Southern Theory presents the case for a radical re-thinking of social science and its relationships to knowledge, power and democracy on a world scale.
Mainstream social science pictures the world as understood by the educated and affluent in Europe and North America. From Weber and Keynes to Friedman and Foucault, theorists from the global North dominate the imagination of social scientists, and the reading lists of students, all over the world. For most of modern history, the majority world has served social science only as a data mine.
Yet the global South does produce knowledge and understanding of society. Through vivid accounts of critics and theorists, Raewyn Connell shows how social theory from the world periphery has power and relevance for understanding our changing world from al-Afghani at the dawn of modern social science, to Raul Prebisch in industrialising Latin America, Ali Shariati in revolutionary Iran, Paulin Hountondji in post-colonial Benin, Veena Das and Ashis Nandy in contemporary India, and many others.

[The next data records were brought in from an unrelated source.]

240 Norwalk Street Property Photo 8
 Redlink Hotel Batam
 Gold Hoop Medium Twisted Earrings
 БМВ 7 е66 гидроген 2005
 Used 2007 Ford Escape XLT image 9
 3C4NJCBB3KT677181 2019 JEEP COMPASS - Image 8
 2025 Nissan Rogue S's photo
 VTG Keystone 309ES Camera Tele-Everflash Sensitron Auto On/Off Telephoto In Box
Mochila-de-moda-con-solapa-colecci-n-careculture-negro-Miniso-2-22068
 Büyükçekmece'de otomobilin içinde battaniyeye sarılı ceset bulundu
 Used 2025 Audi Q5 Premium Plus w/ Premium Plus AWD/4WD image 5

With clarity and verve, Southern Theory
introduces readers to texts, ideas and debates that have emerged from Australia's Indigenous people, from Africa, Latin America, south and south-west Asia. It deals with modernisation, gender, race, class, cultural domination, neoliberalism, violence, trade, religion, identity, land, and the structure of knowledge itself. Southern Theory
shows how this tremendous resource has been disregarded by mainstream social science. It explores the challenges of doing theory in the periphery, and considers the role Southern perspectives should have in a globally connected system of knowledge. Southern Theory
draws on sociology, anthropology, history, psychology, economics, philosophy and cultural studies, with wide-ranging implications for social science in the 21st century.